- **ACTIVITY**
Repeat the listing exactly. Do not carry over any pictures.

- **EXERCISE DATA**
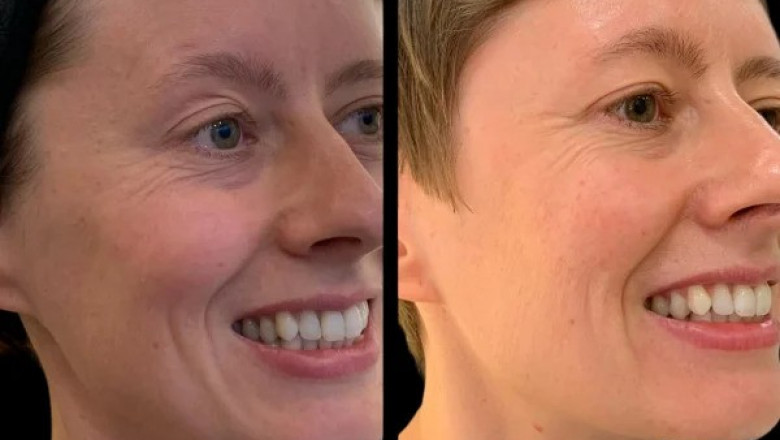 What to Expect When Visiting the Best Doctors in Dubai for Profhilo Treatment
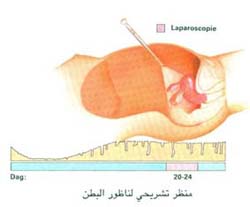 منظر تشريحي لناظور البطن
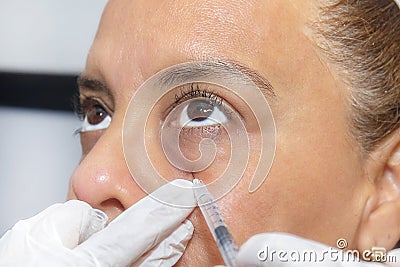 Closeup Of Platelet Rich Plasma PRP Cosmetic Therapy Near A Woman`s Eyes, Being Injected With Needle Poking Stock Photo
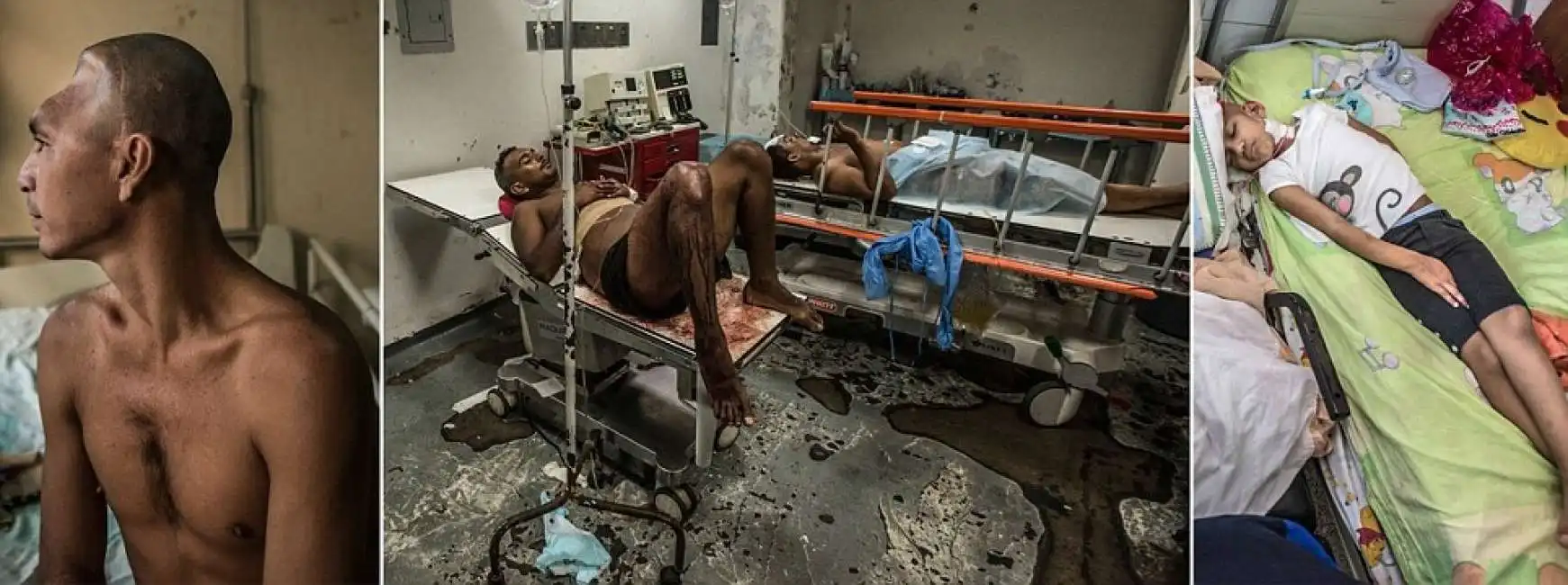 venezuela ospedali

- **EXPECTED ANSWER**
 What to Expect When Visiting the Best Doctors in Dubai for Profhilo Treatment
 منظر تشريحي لناظور البطن
 Closeup Of Platelet Rich Plasma PRP Cosmetic Therapy Near A Woman`s Eyes, Being Injected With Needle Poking Stock Photo
 venezuela ospedali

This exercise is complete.